The girl stands on her tiptoes, her usual cloud of frizzy hair twisted back into two round buns on top of her head. Her eyes are sparkling with mischief that Vi doesn’t have the energy for.
“Is there a girl in your room?” Sola says, eyes glinting. “I didn’t realise we were allowed girls in our rooms.”
Vi rolls her eyes. “Leave her. She’s sick.”
She sets off down the corridor, Sola hot on her heels.
“Is that your girlfriend?”
Vi pushes through the first set of double doors with a sigh. “Yeah.”
“She’s pretty.”
“I know.”
“Where are you going?”
Vi pauses at the place where the corridor splits off, and nods her head in the direction of Doctor Grehan’s office. “I’ve gotta go see Grehan about something.” She pauses at the girl’s hopeful expression. “I’ll… see you later, alright?”
“Alright,” says Sola, chirpily. “See you later.”
Vi shakes her head as she watches the girl disappear back down the corridor. She really does remind her of Jinx. She’d known that when she first encountered Sola, but she’d pushed the thought away because it made her feel sick. Sola was unpredictable and seemed to swing from one intense mood to the next. But she was sweet enough. It made Vi think of Jinx in a place like this. Whether she could have gotten help before—
She shakes the thought from her head and makes her way to Grehan’s office.

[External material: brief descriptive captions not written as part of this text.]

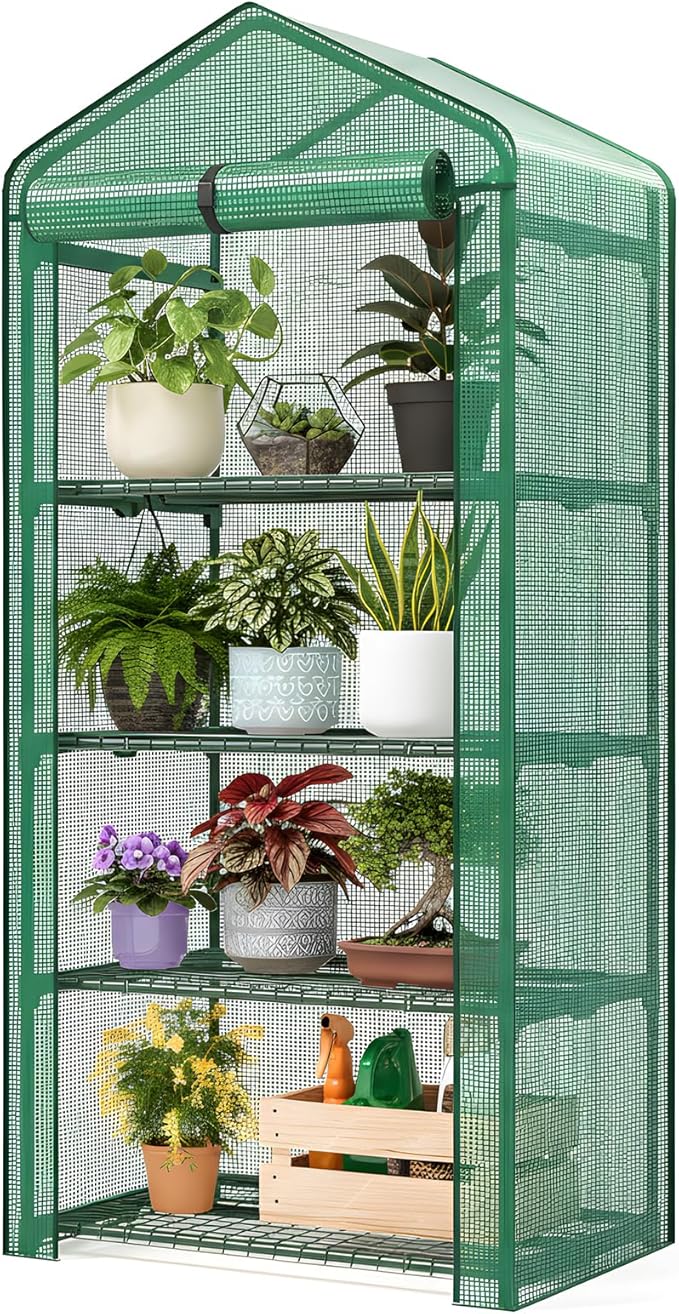 Superlele 4-Tier Mini Greenhouse for Indoor Outdoor, 19.3x27.2x62in Vertical Plant Green House with Adjustable Shelves, Reinforced Green PE Mesh Cover and Zippered Door, Heavy Duty Steel Frame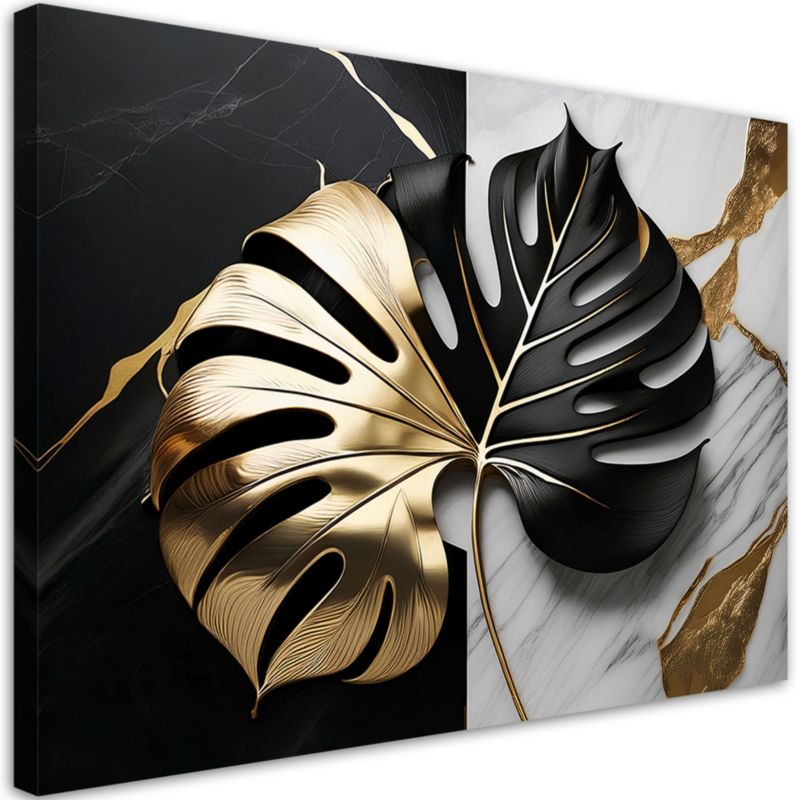 Obraz do salonu Feeby Liść Monstery Złoty Czarny Marmur 100x70 cm 1szt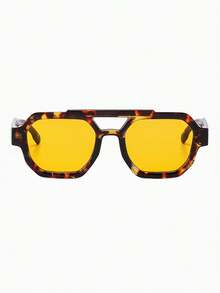 1 Pair Men's Leopard Print Double Bridge Aviator Frame Retro Motorcycle Style Street Fashion Glasses - Multicolor - View 3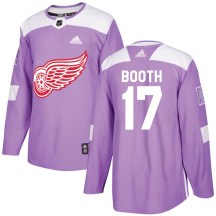 Detroit Red Wings Men's David Booth Adidas Authentic Purple Hockey Fights Cancer Practice Jersey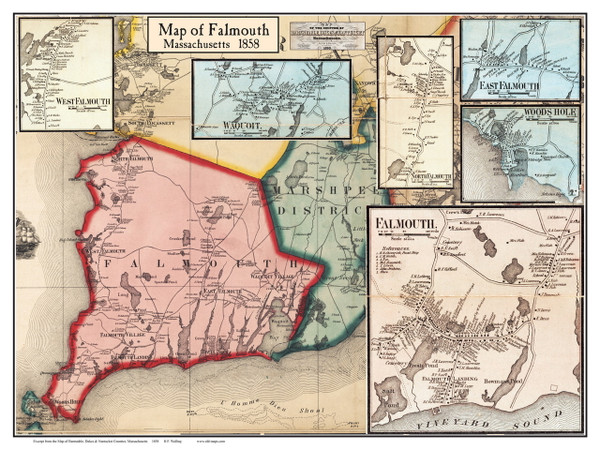 Falmouth Poster Map, 1858 Barnstable Co. MA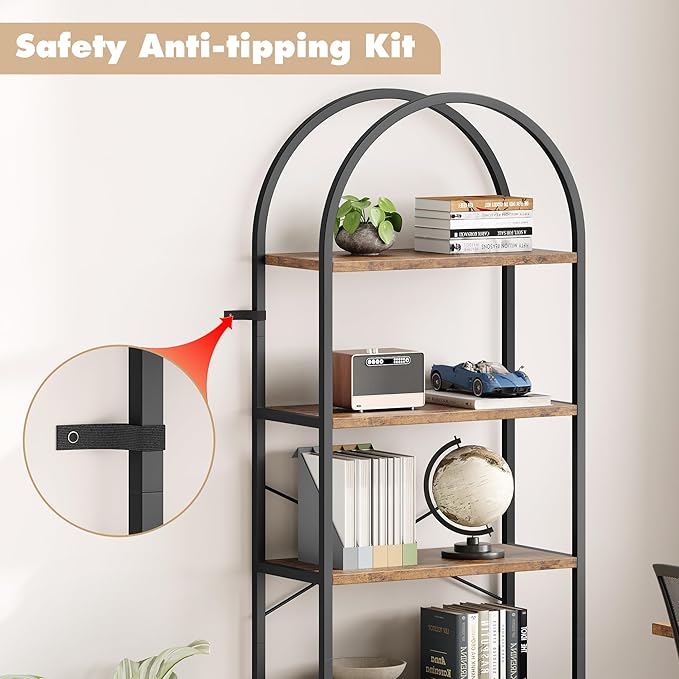 GAOMON 5 Tier Bookshelf Arched Bookcase Modern Standing Bookshelves Tall Display Racks Metal Book Shelf for Bedroom, Living Room, Home Office - LeafyLoom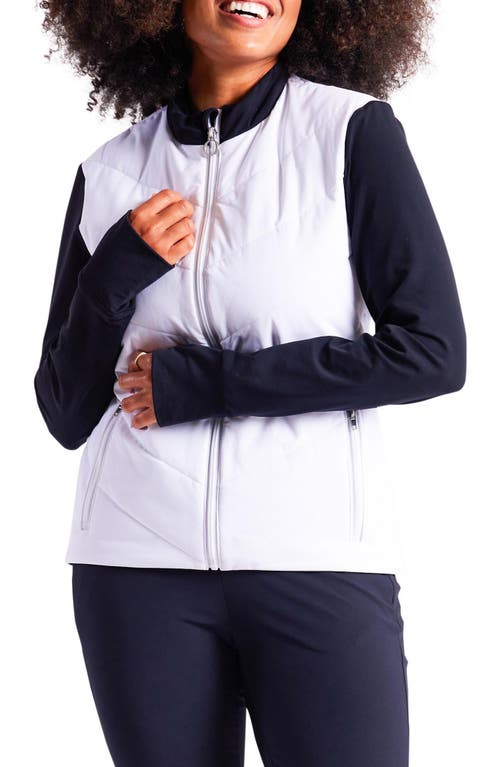 Free Swing Quilted Golf Jacket in White/black
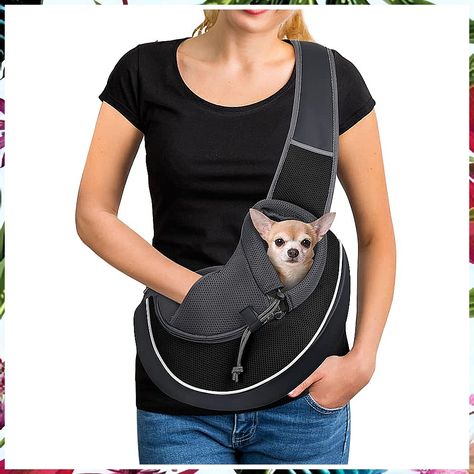 YUDODO Pet Dog Sling Carrier Mesh Hand Free Adjustable Dog Satchel Carrier Bag Papoose Crossbody for Small Medium Dog Cat Rab Dog Carrying Bag, Dog Carrier Sling, Dog Sling, Mens Tops Fashion, Custom Baggers, Sling Carrier, Pet Bag, Bichon Frise, Pet Safe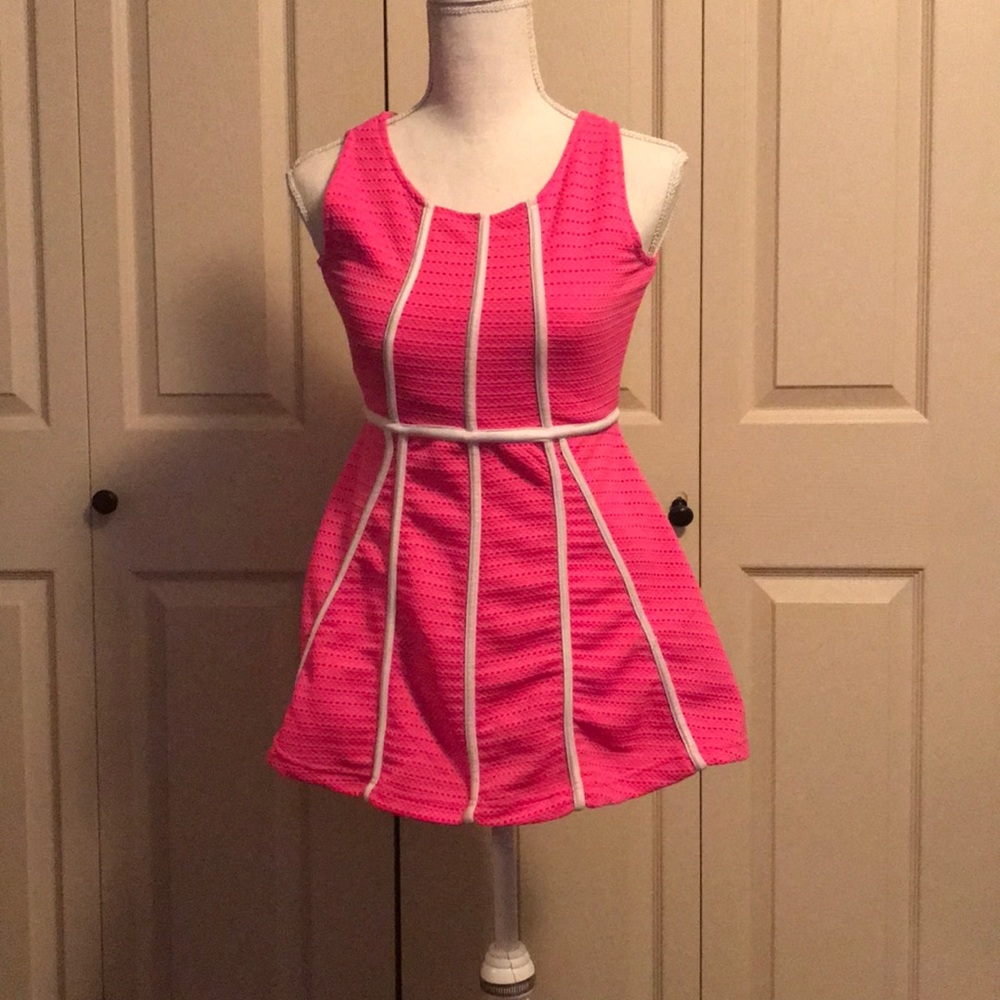 Pink and white dress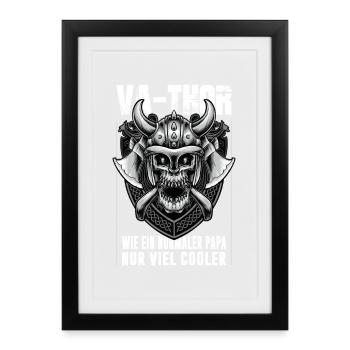 Viking Norroide comme un père normal - Affiche encadrée (27 × 37 cm) - noir - Devant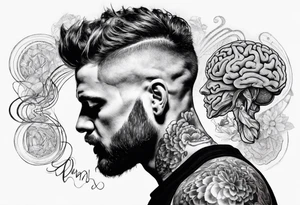 Man’s head open with brain thoughts and ideas visible portrait tattoo idea
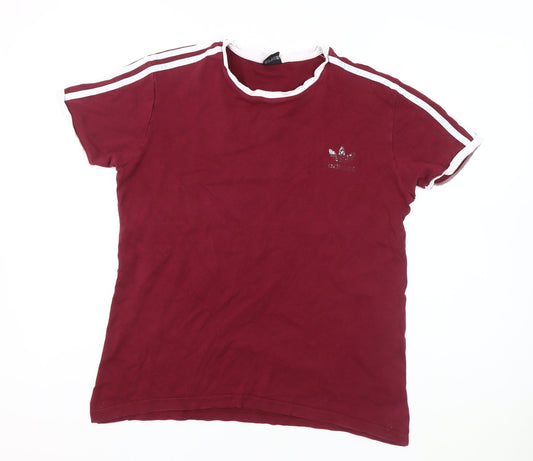 Mens UK Size M adidas Red Cotton T-Shirt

He doesn’t even look up from his laptop as Vi appears in the doorway.
“Violet,” he says. “To what do I owe the pleasure?”
She frowns. “How’d you know it was me?”
He peers over the screen and says, straight-faced, “You are heavy-footed.”
She scowls at his grin. He gestures for her to take a seat, but she doesn’t. She does move a little closer into the room, closing the door behind her, and hovers by one of the bookshelves. “I, uh—I need to be with Cait tonight.”
Grehan finishes typing something, taking his time, and then closes the laptop with a soft click . He gestures again for her to take a seat. She shakes her head. His expression doesn’t change—but he also doesn’t say anything.
Vi spurs on. “She’s not been doing too hot, and I think she might be getting the flu or something and she’s such a baby when she’s sick.” She huffs a breath. “I can’t just send her back out on her own, and there’s nobody else to take care of her. I’ll just—” She bites her lip. She’s begun to pace, a little, not meeting Grehan’s eyes. She wonders how truthful she’s being, with her Caitlyn needs me narrative. “I’ll—I’ll be worried about her, and then I won’t be focusing on—” She gestures around her. “All this.”
“All this,” the Doctor repeats, skeptical.
She shoots him a look. “Yeah, you know. The program.”
This time, when he gestures for her to take a seat, she does. She slumps down like a kid being called into the Headteacher’s office. She picks at the leather of the armchair, avoiding his eyes.
Grehan moves his laptop aside and leans his forearms on the desk in front of him, fixing Vi with a stern gaze. “So, you’ve come to—what? Ask me if you can go home for the night?” Vi’s eyes flick up to his, and his expression softens. “Vi, we’ve been through this. You are permitted to leave at any point, unless we feel you are a danger—”
“—To myself or others, I know.” She doesn’t know why it comes out so bitter. “I know.”
“So, what’s the problem?”
She chews her lip. Why is this so difficult?
Another voice in her head; a gentler one that is beginning to sound a lot like Caitlyn: Because you’re asking for help.
Vi swallows. “If I go home, I won’t come back.”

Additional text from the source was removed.